Where do you draw that line? To what extent are they allowed to merge? At what point does one start to overshadow the other? What decisions do you have to make when that happens?
About 3 years ago, when I started to really, really get into WoW and began to spend an increasing amount of time logged in and playing I told myself that I was never going to become that gamer. You know...the one whose life started to play second fiddle to the game. I promised myself that if I ever saw myself pushing aside my real life for more game time, I was going to have to adjust.
Since then I've done a fair job of that. A couple times I started to see myself letting WoW consume time I should probably spend doing other things, but I never fell completely off the wagon. I was always able to adjust.
All well and good, right?
But what happens when your game time isn't just yours? What happens when you fill a big role in a guild (say, Raid Leader and Main Tank, just for totally hypothetical example *cough*)? Does that shift those lines any? Does it make a difference in your decisions?

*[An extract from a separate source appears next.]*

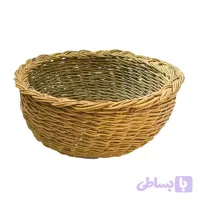 کاسه ترکه بادام 30 سانت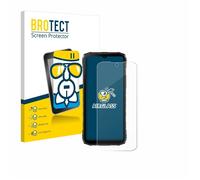 brotect Protection Écran Verre pour Doogee Blade 10 Pro / 10 Ultra Film Protecteur Vitre 9H [Anti-Rayures, Transparent]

I've been playing hockey recreationally since the fall of '04. The whole time I've played in a single league. And while teams shuffle from season to season, I've pretty much played with the same core group of guys, including one of my best friends.

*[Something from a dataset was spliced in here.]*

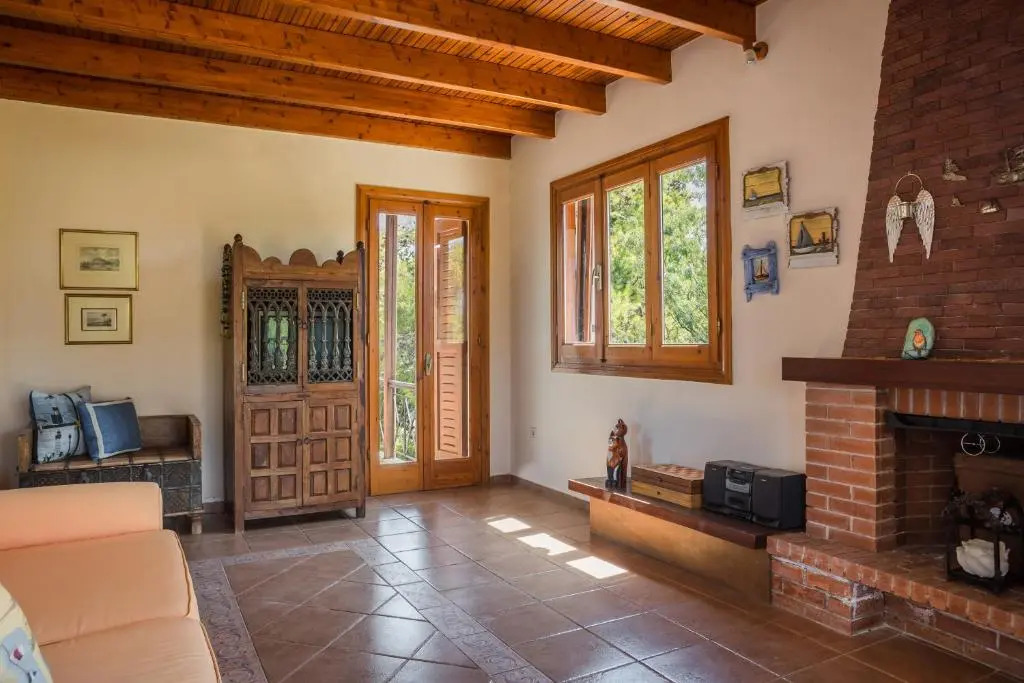 Villa Glavina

While it only takes up one night a week, that's still one night a week I know I can't really be playing WoW.
The last couple years, I've been growing steadily more and more dissatisfied with my league.
For starters, I moved to be closer to work once I got hired into my company as a FTE instead of just a contractor. The move meant hockey is now a 40-minute drive, instead of a 10-minute drive.
Secondly, the league management has gone further and further downhill every year. From changing the schedule on the night of games to changing rules mid-season (and even mid-playoffs) to combining two different level leagues into one (creating situations where some teams are far outmatched by others), it's just become infuriating. And the only time they appear to give a damn about you as a player is when you're so much as a day late paying your fees.
So why am I still playing?
Familiarity, for one. Friendships, for two. And because, despite all the frustrations, once I was out on the ice I still had more fun playing than not.
But above all that, because if I switched to the league I've been considering switching to, my primary game nights would move from Mondays to Fridays. Since I'm in a Friday/Saturday raiding guild, as the RL and MT, this would cause some obvious issues.
Yes, the biggest single reason I've stayed with something that caused a certain amount of undue stress is because to change it, I'd have scheduling conflicts with WoW.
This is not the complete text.